• Good models require multiple regressions in order to address the higher complexity of problems.
  • Below is the equation for the Population Model:
\[ y = \beta_0 + \beta_1x_1 + \beta_2x_2 + \cdots + \beta_kx_k + \epsilon \]
  • The Multiple Regression equation for Sample Data:
\[ \hat{y} = b_0 + b_1x_1 + b_2x_2 + \cdots + b_kx_k \]

Adjusted R-Squared

R-Squared is used to compare models using the same dataset.

The Adjusted R-Squared is less than R-Squared, and penalizes excessive use of variables.

\[ \bar{R}^2 < R^2\]

Test for the Significance of the Model (F-Test)

The lower the F-statistic, the closer you are to a non-significant model.

This is another tool that allows us to compare models.

OLS Assumptions

  1. Linearity – straight line approximation.
  2. No endogeneity – Endogeneity refers to situations in which a predictor in a linear regression model is correlated to the error term. i.e.
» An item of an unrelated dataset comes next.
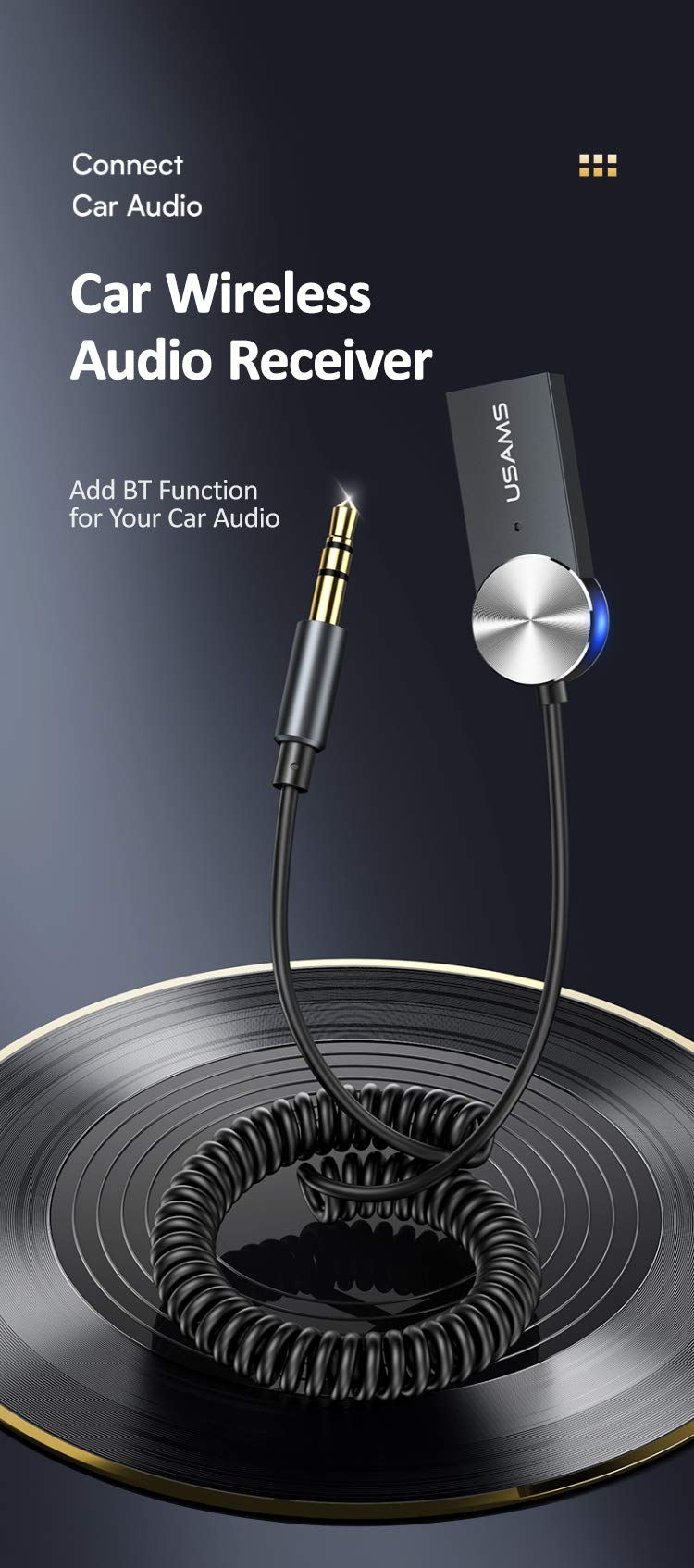LivX Usams Bluetooth 5.0 Receiver Usb Aux Wireless Araç Kiti Telefon Konuşma Müzik Dinleme Ba01 SJ464LVX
All independent variables are uncorrelated with the error term. This is also known as Omitted Variable Bias since this often occurs when a relevant variable in not included in the model.
  3. Normality and homoscedasticity of the error term – Normality means the error term is normally distributed. i.e. error has a zero mean. Homoscedasticity means equal variance. This can be addressed by checking for OVB (omitted variable bias), or removing outliers, or performing a log regression. This is usually done with log(y) = b0 + b1x1 or log(y) = b0 + b1 * log(x1).
  4. No autocorrelation – Autocorrelation (or Serial Correlation) is the phenomenon where adjacent observations are correlated i.e. previous value has an impact on the next value. Another way to think of this is it’s when the values in a set of data are similar to the values that came before them. Autocorrelation is measured with Durbin-Watson with a range of 0 – 4. A value of 2 means no autocorrelation. Values above 3 or below 1 are of concern.
  5. No muliticolinearity  – the occurrence of high intercorrelations among two or more independent variables in a multiple regression model.

Dummy Variables – Handling Categorical Data

Dummy Variables include categorical data into a data model. A dummy variable is a binary variable that takes a value of 0 or 1. One adds such variables to a regression model to represent factors which are of a binary nature i.e. they are either observed or not observed.